Preservation of the chain of signatures

Since transaction inputs now contain the idem, they do not commit to the exact parent transaction. They skip the signatures. But the blocks do commit to signatures. This means that the chain of signatures can still be validated all the way back to the coinbase (currency creation) transactions.

And that entity can provide merkle proofs-of-inclusion for all ancestor transactions to an entity that is not storing the entire blockchain, including and proving the exact signatures used.

To provide a full proof of a transaction’s validity, Satoshi-style transactions have the same data requirements. Yes, one can verify the chain of signatures without the full merkle proofs-of-inclusion (which one cannot do with Nexa’s Idem-style transactions). But doing that is not enough – actually it’s such a glaring security problem it's arguably better that this mistake is impossible in Nexa. The problem is that any attacker could easily (without significant compute resources) create a separate (not included in the blockchain) history for a fake transaction. If a verifier does not validate that these transactions are actually committed in the blockchain, the verifier will accept these non-existent parent transactions.

Ability to Sign Child Transactions First

Since the transaction Id covers the signatures, participants in Satoshi-style blockchains cannot sign child transactions before signing parent transactions. However the Idem does not cover signatures, and a child transaction refers to its parent by Idem. This allows the child transaction to be fully constructed and signed before the parent is signed.

Malleability Attack Resistance: A Bit Of History

In 2012 the first major Bitcoin exchange failed (MtGox), citing “transaction malleability” as the reason funds were lost. Although this reason may not be the full story behind the failure of MtGox, transaction malleability is undeniably a problem.
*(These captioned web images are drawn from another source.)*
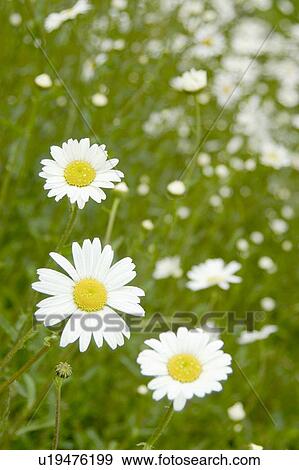 Stock Photo - beautiful, beauty, blooming, blooms, blossom, botanical, botany. Fotosearch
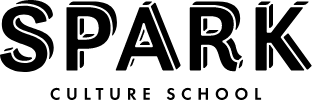 SPARK CULTURE SCHOOL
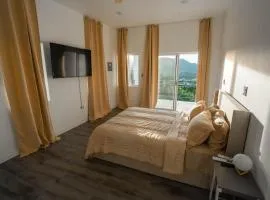 Luxury Apt with Amazing Views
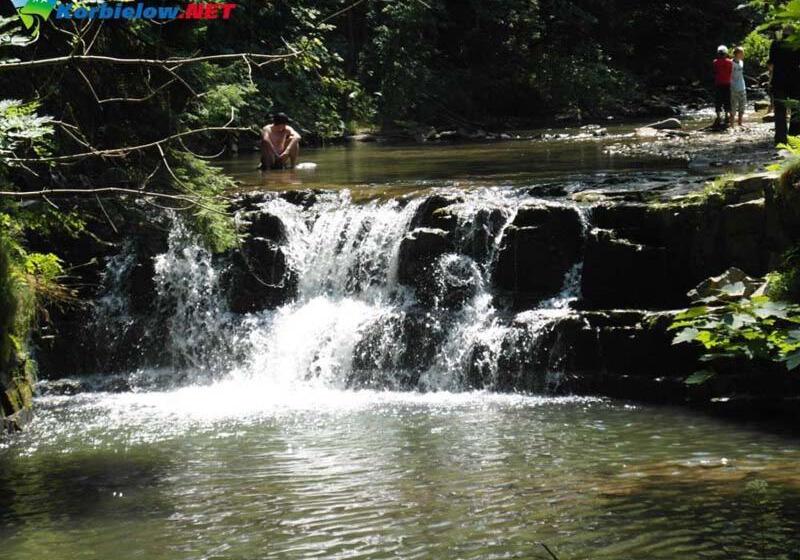 منتجع Willa Helvetia Wellness & Spa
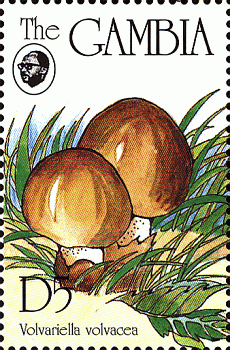 Briefmarke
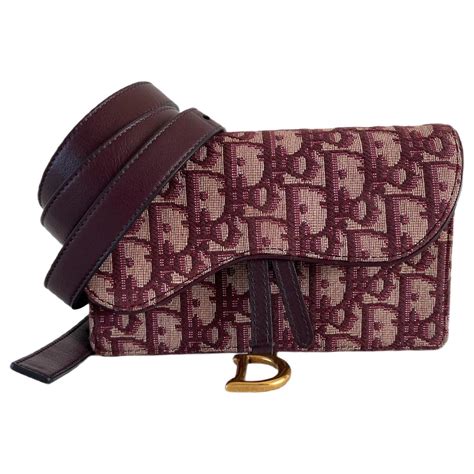 ceinture banane dior|sacs dior mini.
In essence, the transaction malleability attack proceeds as follows:

  1. Withdraw some funds in BTC. A transaction is created by the exchange.
  2. Change some bits in the withdrawal transaction, without affecting its validity or its effect on the blockchain state. This will change the transaction id.
  3. Get your “malleated” transaction confirmed rather than the original transaction.
  4. Go back to the exchange and claim that the original transaction never confirmed, asking that your account be credited.
  5. If the exchange is unaware of transaction malleability, it might look up the transaction by id, discover that it in fact has not confirmed, and credit your account. At this point you can repeat the attack to steal more money.
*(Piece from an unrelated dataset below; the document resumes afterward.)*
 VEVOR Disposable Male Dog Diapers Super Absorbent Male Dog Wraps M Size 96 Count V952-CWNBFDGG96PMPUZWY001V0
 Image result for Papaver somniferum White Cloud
Note that steps 4 and 5 might even happen automatically in the code, depending on how the exchange is programmed.


You might ask “how is this even POSSIBLE?” Why are there bits in a transaction that don’t affect blockchain state, aren’t those just waste? And why isn’t the entire transaction signed, so if someone modifies the transaction the signature and therefore the modified transaction is invalid?

Well, first of all, recognise that the bytes in the signatures themselves can’t be signed… that would be an impossible recursion. And that those bytes all evaluate to produce one bit of essential information – whether the transaction is valid or invalid. But what if there exist different signature bytes that when evaluated produce the same single “valid” bit? Any of these signature bytes could therefore be used, producing different versions (“malleations”) of the same transaction.
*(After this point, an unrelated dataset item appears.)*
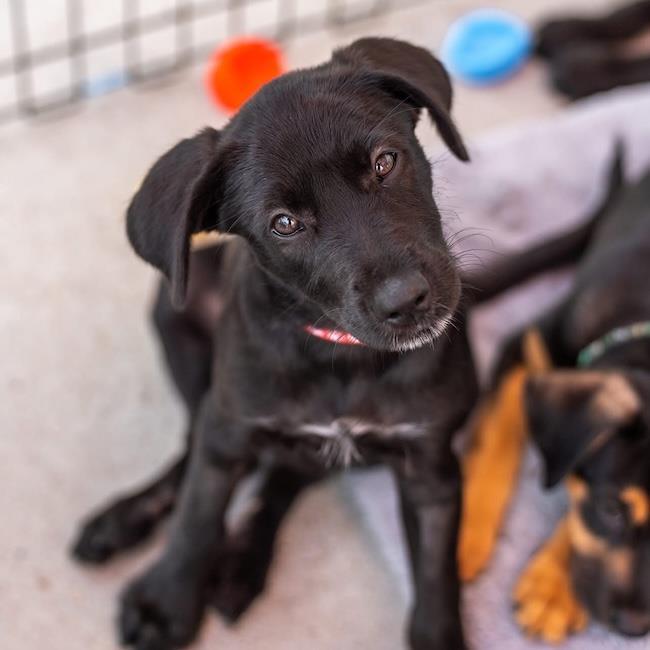 Dancer Pup - Jive, Adoptable, Puppy Female Shepherd & Terrier.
One unfortunate property of ECDSA signatures is that anyone can create another valid signature (over the same data) from an existing one. Oops, an attacker can use this property to malleate the transaction!

And remember that the “signature” in Satoshi-derived blockchains is actually a script, not a raw ECDSA signature. It would be very hard to figure out which part of that “satisfier” script (it “satisfies” the spending constraints put on the UTXO by the “constraint” script) is the ECDSA signature, verses other data. So when a transaction is signed, the entire “satisfier” script is ignored.

This means that a simple malleability attack can be executed if the script is (say) pushing a number onto the stack. Push the same number, with a preceding 0 (because, for example 1 and 01 and 001 are all the same number).

There are a large variety of such “malleability attacks”, and in the aftermath of MtGox, the Bitcoin community identified most if not all of them and added rules to the system (for example, all numbers must be encoded in a certain way – no preceding zeros allowed) to prevent them. They were aided in this effort by a parallel effort to “lock down” the scripts in the protocol to just a few options, effectively removing scripts from Bitcoin.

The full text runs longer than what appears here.